The title is apt for this collection, which contains – by my count – ninety-nine stories of a kind. Indeed, the volume’s life bulges beyond its pages: Franklin’s own stories, those he’s overheard, and those passed down through generations. And perhaps that’s why he stopped short of an even hundred, because life itself resists being rounded off so neatly, a fact the poet is all too aware of.
On one hand, A Man Made of Stories requires very little of its readers. Open to any page and Franklin transports you to the streets of Barcelona, a laundromat near Lincoln Center, a café table in Mexico City. He guides you into the life of Stalin (more than one Stalin, actually), shares a local newspaper obituary, and presents the execution of the mythical satyr Marsyas. All we have to do is listen and allow imagination – and Franklin’s knack for narrative voice – to carry us beyond our ordinary surroundings.
On the other hand, A Man Made of Stories demands a great deal from its readers, because simmering beneath the surface of every poem is a gravitas that reminds us, again and again, that we are mortal: governed by the laws of physics (with their harsh correctives), subject to failings, obscurity, and decay. If you are not ready to confront those philosophical and material truths, Franklin’s latest offering may come as a shock to your system. Yet it is the way the poet holds your hand, grounding you in the sensory, his voice reassuring you that this knowledge is what liberates us from being consumed by human frailty, that makes A Man Made of Stories so very cathartic and so very pertinent.
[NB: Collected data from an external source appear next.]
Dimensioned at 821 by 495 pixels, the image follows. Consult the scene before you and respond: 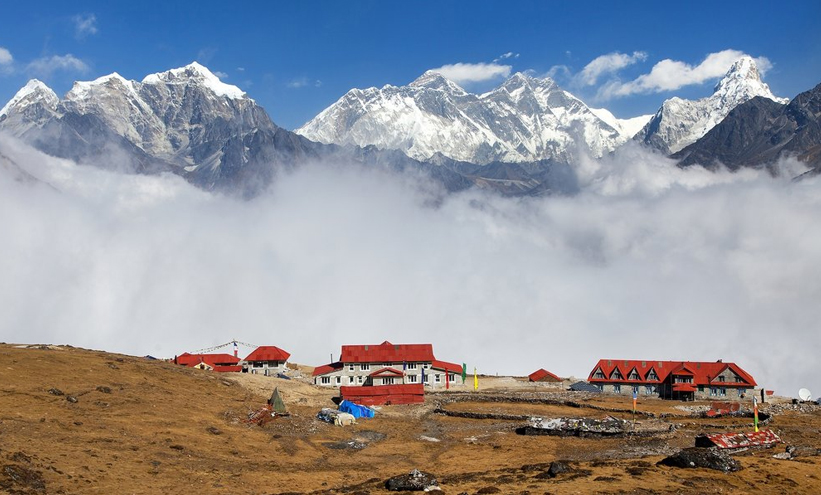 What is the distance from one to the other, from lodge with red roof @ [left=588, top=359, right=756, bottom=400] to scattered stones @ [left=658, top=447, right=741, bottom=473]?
2920 inches

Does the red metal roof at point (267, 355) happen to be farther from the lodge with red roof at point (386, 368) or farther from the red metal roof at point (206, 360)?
the lodge with red roof at point (386, 368)

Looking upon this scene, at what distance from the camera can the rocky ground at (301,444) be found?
42.8 m

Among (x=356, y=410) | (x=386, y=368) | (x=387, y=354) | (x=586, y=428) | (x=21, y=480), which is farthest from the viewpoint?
(x=387, y=354)

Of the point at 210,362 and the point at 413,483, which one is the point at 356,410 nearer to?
the point at 413,483

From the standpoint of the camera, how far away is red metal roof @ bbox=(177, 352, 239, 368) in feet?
398

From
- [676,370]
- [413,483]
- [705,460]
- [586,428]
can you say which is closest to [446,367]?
[676,370]

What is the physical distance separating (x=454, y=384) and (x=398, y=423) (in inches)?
1780

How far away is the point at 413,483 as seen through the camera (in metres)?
42.2

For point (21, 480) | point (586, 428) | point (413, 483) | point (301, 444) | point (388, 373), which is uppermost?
point (388, 373)

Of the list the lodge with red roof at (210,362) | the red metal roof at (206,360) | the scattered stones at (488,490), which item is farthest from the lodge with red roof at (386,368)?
the scattered stones at (488,490)

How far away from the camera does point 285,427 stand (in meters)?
69.4

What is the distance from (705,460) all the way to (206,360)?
97.1m

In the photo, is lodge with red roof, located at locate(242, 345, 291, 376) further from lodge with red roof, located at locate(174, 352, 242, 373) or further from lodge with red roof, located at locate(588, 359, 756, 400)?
lodge with red roof, located at locate(588, 359, 756, 400)

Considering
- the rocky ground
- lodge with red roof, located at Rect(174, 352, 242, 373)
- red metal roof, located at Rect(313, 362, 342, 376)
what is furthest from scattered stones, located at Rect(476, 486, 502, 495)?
lodge with red roof, located at Rect(174, 352, 242, 373)
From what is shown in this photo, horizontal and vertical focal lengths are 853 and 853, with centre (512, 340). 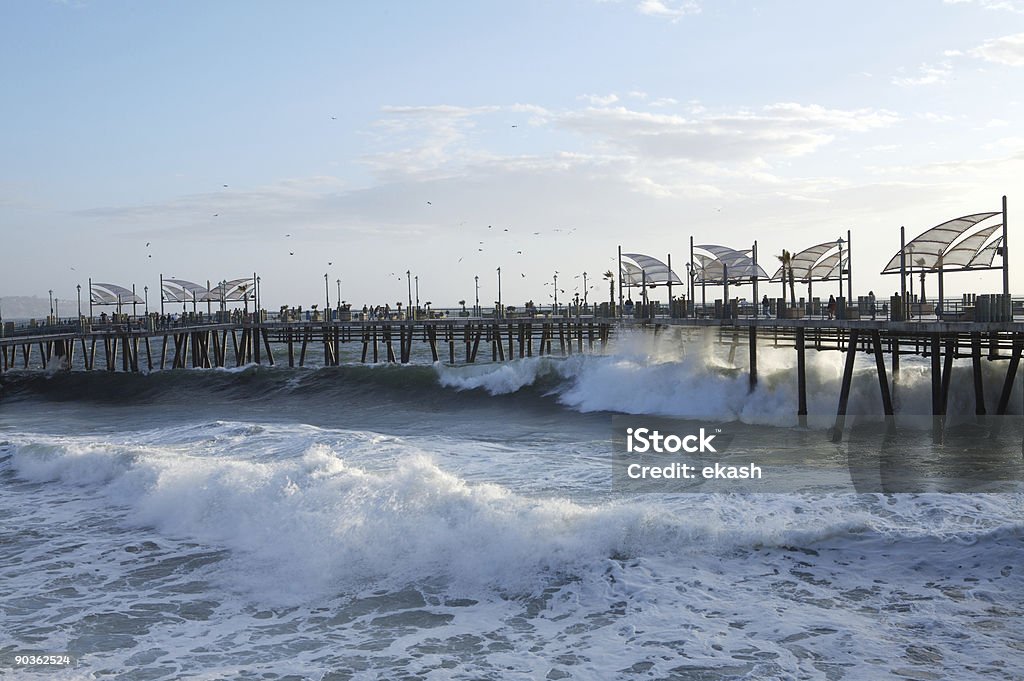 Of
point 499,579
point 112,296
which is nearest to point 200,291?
point 112,296

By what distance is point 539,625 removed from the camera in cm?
992

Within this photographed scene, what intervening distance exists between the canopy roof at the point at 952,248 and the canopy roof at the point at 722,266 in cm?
729

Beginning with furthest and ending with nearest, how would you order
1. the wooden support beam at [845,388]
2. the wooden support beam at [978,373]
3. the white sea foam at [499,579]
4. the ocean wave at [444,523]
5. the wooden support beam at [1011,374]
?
the wooden support beam at [978,373], the wooden support beam at [845,388], the wooden support beam at [1011,374], the ocean wave at [444,523], the white sea foam at [499,579]

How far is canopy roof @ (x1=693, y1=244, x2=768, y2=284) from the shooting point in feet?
126

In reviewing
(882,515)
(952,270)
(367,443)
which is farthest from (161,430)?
(952,270)

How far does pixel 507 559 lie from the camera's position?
12.0m

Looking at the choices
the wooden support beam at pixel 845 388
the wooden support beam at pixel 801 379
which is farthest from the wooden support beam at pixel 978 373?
the wooden support beam at pixel 801 379

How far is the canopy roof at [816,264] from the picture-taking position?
1602 inches

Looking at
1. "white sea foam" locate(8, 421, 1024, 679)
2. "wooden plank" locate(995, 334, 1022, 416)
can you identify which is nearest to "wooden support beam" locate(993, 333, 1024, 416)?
"wooden plank" locate(995, 334, 1022, 416)

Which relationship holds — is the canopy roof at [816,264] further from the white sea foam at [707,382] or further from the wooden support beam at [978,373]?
the wooden support beam at [978,373]

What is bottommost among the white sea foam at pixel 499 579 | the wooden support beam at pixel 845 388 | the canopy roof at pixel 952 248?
the white sea foam at pixel 499 579

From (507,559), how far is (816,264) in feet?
111

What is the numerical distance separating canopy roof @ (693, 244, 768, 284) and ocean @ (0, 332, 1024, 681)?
15822 millimetres

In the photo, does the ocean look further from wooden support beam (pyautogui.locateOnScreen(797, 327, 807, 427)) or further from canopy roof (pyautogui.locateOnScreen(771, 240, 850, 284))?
canopy roof (pyautogui.locateOnScreen(771, 240, 850, 284)) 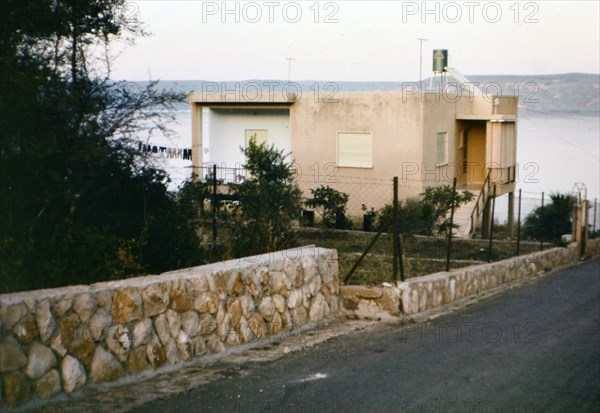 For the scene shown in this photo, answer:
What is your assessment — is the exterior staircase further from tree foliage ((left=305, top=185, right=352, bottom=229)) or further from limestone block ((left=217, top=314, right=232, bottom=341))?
limestone block ((left=217, top=314, right=232, bottom=341))

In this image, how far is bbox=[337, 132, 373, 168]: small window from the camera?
29359 millimetres

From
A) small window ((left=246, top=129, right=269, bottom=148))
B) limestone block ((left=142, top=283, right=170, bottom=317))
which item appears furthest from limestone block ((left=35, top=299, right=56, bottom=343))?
small window ((left=246, top=129, right=269, bottom=148))

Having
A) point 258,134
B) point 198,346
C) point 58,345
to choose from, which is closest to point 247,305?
point 198,346

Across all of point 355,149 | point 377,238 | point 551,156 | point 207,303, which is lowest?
point 207,303

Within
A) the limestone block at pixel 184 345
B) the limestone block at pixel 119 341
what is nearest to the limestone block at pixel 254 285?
the limestone block at pixel 184 345

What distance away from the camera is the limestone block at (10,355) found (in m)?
6.14

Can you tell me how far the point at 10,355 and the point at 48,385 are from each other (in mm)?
450

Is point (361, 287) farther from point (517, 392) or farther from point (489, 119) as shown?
point (489, 119)

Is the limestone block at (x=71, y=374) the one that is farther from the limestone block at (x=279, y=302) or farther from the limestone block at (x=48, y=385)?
the limestone block at (x=279, y=302)

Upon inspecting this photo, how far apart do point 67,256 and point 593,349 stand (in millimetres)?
6357

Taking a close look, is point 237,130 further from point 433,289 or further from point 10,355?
point 10,355

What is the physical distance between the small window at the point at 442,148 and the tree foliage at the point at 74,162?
2078 centimetres

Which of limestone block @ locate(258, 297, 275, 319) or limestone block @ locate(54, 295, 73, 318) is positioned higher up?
limestone block @ locate(54, 295, 73, 318)

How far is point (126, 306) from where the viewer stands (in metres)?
7.23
The collection begins with the poem “Picking Favorites,” which this reviewer finds apropos, as that is precisely the challenge of the volume: there can be no favorites. Despite the poet’s admission – “Even if you say / You treat each child the same, there are moments / You’re closer to one or the other” – each poem compels affection in its own way. My favorite poem from A Man Made of Stories is always the one I am reading at any given moment.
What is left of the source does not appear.